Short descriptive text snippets
= Beginning of Section =

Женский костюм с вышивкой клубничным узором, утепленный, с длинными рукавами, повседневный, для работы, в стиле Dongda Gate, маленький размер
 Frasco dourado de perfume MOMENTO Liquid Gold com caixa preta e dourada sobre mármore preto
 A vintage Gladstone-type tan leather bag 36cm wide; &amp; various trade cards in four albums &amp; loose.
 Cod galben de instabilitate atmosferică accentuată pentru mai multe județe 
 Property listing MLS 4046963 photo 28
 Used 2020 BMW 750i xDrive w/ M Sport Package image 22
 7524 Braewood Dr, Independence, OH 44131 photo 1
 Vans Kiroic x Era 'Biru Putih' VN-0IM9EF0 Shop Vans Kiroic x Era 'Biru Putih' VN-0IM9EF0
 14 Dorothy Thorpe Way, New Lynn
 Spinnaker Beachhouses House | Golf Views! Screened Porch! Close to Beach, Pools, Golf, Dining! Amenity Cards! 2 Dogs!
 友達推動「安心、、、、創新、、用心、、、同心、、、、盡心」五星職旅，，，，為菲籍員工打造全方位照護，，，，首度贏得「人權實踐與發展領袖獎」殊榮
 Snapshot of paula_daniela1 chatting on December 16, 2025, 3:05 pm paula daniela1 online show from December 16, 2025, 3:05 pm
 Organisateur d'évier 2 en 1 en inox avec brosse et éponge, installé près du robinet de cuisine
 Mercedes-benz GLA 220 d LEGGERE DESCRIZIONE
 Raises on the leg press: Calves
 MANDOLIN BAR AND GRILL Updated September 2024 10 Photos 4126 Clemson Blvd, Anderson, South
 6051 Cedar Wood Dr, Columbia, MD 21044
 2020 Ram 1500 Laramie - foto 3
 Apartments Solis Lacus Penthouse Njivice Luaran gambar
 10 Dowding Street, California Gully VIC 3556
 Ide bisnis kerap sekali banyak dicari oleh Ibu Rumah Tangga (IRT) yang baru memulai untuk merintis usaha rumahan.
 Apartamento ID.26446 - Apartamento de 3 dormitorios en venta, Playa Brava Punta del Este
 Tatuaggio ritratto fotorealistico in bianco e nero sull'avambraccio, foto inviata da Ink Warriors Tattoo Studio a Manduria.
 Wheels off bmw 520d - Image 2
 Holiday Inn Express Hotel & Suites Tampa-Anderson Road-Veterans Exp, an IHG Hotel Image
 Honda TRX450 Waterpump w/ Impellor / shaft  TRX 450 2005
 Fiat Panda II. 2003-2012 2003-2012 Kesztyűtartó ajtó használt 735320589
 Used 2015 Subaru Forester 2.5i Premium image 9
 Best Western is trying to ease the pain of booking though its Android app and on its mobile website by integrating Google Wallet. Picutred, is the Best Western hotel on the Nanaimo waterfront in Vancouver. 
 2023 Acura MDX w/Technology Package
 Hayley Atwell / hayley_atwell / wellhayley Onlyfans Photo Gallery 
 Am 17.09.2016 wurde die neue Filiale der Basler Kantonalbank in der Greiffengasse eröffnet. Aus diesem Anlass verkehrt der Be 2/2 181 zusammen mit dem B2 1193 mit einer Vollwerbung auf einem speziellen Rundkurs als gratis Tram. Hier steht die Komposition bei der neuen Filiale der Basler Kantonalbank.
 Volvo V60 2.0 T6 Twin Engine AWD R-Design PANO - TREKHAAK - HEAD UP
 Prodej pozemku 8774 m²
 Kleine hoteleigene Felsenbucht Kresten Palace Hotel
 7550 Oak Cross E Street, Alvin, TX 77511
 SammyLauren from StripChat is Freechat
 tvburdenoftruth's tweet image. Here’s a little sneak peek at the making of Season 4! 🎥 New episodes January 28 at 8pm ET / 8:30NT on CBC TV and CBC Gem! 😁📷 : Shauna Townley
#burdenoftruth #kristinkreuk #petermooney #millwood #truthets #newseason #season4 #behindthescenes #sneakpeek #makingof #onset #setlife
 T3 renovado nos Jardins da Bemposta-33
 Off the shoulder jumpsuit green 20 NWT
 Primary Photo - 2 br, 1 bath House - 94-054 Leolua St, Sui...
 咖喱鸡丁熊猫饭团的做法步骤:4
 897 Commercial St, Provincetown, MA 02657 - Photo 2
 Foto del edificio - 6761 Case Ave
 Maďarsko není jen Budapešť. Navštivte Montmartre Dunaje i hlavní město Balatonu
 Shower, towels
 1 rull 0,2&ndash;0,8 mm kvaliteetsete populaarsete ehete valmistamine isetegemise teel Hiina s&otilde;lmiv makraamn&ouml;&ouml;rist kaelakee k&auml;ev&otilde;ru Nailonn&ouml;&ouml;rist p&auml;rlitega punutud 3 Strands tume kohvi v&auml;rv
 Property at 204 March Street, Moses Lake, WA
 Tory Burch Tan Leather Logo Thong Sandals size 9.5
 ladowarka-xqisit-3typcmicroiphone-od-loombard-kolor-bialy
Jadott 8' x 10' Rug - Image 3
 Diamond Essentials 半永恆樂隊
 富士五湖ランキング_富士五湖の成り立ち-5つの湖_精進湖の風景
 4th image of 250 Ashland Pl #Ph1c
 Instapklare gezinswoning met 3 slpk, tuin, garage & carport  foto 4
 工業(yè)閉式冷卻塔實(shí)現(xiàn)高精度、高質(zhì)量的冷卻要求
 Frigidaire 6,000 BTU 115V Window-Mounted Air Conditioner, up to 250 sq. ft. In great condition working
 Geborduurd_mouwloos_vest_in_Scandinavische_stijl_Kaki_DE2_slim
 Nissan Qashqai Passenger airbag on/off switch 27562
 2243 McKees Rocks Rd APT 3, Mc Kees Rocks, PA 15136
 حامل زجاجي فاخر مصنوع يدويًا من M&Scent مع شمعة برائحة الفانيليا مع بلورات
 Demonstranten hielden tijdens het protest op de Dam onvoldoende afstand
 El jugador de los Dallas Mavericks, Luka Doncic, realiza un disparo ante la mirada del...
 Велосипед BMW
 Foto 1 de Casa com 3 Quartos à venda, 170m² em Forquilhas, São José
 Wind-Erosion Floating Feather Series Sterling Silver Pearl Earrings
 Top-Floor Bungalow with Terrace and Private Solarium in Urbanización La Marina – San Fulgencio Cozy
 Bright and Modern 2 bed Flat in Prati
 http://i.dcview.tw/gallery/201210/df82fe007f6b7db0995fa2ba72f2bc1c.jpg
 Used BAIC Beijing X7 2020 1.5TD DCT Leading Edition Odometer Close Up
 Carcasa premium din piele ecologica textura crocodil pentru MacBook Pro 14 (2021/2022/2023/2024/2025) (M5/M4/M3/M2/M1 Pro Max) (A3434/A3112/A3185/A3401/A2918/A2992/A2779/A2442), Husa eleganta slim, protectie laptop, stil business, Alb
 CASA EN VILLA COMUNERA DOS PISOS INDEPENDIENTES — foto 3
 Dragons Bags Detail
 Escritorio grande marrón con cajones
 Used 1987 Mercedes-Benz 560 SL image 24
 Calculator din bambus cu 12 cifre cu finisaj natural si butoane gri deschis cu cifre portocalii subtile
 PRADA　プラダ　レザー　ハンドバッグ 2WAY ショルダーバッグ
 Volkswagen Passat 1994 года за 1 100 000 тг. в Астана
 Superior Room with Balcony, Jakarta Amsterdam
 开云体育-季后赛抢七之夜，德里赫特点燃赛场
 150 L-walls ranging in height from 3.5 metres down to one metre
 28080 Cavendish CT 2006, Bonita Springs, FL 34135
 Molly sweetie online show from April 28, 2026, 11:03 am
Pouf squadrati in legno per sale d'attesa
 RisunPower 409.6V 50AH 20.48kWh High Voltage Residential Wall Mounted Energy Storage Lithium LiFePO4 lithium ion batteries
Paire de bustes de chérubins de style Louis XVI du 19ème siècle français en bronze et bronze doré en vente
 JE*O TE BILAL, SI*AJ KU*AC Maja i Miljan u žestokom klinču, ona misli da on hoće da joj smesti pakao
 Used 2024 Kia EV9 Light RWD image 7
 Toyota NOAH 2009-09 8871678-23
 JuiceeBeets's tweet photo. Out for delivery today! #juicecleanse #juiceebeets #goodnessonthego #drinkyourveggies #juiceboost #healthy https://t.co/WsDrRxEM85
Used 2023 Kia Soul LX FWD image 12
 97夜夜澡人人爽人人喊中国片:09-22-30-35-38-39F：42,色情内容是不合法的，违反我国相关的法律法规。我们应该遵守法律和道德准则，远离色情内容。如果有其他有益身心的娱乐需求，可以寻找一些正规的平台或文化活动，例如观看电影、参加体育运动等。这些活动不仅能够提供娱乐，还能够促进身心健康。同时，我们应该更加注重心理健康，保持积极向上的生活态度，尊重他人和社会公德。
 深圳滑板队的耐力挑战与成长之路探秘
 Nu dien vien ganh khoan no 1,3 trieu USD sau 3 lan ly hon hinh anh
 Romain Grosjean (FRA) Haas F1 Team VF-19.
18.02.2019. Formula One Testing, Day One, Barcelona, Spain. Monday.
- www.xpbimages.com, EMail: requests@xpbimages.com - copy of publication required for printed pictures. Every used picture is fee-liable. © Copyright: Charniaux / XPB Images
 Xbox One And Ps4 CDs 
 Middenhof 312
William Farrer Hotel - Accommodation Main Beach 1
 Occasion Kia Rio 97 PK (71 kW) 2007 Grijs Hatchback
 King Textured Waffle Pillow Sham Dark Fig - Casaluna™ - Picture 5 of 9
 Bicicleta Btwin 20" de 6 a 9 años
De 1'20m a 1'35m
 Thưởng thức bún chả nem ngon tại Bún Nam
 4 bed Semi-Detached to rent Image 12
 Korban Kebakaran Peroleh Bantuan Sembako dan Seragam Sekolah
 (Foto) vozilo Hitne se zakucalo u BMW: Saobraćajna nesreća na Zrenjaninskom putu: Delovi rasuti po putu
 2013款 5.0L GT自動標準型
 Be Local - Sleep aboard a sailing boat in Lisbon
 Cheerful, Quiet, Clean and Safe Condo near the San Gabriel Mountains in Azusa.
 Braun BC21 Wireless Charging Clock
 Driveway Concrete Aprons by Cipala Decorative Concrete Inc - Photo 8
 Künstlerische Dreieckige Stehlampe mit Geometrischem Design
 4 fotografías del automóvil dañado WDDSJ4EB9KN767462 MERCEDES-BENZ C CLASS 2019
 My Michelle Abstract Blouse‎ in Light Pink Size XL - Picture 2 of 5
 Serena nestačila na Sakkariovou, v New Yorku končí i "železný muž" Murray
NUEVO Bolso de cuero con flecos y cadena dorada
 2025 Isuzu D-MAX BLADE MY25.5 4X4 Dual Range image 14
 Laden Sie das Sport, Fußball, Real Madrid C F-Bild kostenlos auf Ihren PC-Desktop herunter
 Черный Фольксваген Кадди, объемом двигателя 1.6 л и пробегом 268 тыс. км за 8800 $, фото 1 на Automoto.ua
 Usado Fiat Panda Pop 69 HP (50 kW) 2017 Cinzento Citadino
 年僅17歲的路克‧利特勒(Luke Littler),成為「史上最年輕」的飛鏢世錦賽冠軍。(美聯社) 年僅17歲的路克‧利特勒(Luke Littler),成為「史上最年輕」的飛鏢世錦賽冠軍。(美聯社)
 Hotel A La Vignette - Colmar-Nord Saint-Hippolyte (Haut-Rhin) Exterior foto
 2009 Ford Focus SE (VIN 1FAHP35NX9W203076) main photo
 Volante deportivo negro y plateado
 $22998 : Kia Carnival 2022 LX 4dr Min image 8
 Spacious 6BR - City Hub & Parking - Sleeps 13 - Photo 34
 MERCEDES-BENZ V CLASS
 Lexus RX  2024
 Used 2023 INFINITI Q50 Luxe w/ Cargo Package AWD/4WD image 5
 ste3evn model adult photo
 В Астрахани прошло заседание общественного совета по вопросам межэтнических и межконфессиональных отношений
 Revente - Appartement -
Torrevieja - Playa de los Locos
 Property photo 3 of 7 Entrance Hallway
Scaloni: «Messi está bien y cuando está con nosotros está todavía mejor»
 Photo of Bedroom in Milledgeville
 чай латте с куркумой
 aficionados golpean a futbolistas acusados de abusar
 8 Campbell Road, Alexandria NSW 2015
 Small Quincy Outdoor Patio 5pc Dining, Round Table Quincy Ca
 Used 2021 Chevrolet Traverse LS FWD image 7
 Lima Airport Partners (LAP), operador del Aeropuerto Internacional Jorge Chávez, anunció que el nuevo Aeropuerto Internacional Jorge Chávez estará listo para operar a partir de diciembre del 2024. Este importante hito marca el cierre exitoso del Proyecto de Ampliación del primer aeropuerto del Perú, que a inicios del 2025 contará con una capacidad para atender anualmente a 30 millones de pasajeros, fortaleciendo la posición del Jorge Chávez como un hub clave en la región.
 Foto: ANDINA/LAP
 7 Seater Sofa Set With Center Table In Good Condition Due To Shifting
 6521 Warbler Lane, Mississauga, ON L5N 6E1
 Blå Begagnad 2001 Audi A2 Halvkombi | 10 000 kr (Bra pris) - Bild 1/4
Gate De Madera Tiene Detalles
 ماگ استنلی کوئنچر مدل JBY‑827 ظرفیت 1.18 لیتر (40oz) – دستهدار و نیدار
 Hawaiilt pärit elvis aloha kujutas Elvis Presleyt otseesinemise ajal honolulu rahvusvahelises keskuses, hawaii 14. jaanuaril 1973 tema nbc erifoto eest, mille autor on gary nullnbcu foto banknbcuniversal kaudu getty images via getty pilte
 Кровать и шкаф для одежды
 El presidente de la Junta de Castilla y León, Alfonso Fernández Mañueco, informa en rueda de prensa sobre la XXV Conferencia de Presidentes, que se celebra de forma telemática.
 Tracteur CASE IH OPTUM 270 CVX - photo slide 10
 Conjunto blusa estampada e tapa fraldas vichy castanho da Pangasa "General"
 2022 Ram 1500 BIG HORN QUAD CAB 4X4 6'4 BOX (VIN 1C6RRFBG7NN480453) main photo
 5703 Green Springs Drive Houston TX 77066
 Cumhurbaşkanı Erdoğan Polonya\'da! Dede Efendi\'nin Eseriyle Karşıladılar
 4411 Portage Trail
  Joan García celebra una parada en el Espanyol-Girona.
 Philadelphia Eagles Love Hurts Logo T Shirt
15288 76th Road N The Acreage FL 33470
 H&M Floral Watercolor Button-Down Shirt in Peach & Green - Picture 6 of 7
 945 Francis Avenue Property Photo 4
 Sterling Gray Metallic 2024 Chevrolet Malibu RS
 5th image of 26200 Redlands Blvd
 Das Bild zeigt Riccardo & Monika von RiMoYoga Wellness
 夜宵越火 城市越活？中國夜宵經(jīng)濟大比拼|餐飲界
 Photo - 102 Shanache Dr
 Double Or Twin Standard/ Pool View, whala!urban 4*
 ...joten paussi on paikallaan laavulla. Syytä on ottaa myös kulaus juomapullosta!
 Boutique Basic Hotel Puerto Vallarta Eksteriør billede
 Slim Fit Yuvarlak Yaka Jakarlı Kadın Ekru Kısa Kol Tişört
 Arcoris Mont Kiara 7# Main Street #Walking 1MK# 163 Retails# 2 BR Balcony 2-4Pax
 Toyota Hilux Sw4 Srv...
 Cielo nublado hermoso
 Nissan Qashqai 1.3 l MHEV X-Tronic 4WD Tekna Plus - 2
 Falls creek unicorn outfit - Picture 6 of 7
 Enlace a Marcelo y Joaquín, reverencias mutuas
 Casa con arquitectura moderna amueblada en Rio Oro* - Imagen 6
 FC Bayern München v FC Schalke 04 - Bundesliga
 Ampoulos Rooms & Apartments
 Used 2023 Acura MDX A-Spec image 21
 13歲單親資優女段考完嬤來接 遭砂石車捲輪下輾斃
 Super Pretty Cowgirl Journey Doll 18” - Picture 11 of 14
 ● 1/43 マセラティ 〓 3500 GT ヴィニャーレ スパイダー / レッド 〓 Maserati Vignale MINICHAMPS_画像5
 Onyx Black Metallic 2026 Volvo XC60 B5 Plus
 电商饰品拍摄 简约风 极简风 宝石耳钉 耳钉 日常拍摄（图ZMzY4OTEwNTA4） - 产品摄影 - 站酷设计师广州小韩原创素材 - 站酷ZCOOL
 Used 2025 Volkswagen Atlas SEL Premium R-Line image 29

= End of Section =

(EXERCISE GOAL): Each line with the word "tweet" in the records above belongs in the result; copy all of them.

(RESPONSE FOR THIS EXERCISE):
 tvburdenoftruth's tweet image. Here’s a little sneak peek at the making of Season 4! 🎥 New episodes January 28 at 8pm ET / 8:30NT on CBC TV and CBC Gem! 😁📷 : Shauna Townley
 JuiceeBeets's tweet photo. Out for delivery today! #juicecleanse #juiceebeets #goodnessonthego #drinkyourveggies #juiceboost #healthy https://t.co/WsDrRxEM85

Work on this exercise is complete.